▶ [RECORD EXTRACTS]:
══════════
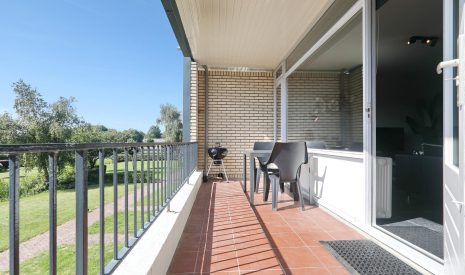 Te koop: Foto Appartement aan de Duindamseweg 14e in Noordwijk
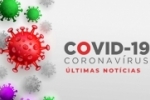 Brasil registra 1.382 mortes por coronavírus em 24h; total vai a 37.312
══════════
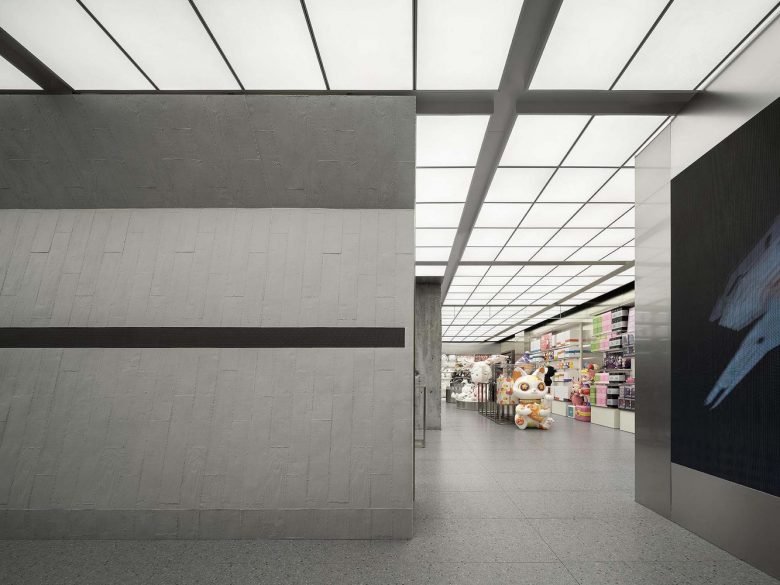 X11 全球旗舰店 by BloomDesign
══════════
▶ [DESCRIPTION OF THE TASK]: The reply should hold the entries above from the line with "Te koop: Foto" to the line with "Brasil registra 1.382", duplicated exactly, pictures excluded.

▶ [OUTPUT OF THE EXERCISE]:
 Te koop: Foto Appartement aan de Duindamseweg 14e in Noordwijk
 Brasil registra 1.382 mortes por coronavírus em 24h; total vai a 37.312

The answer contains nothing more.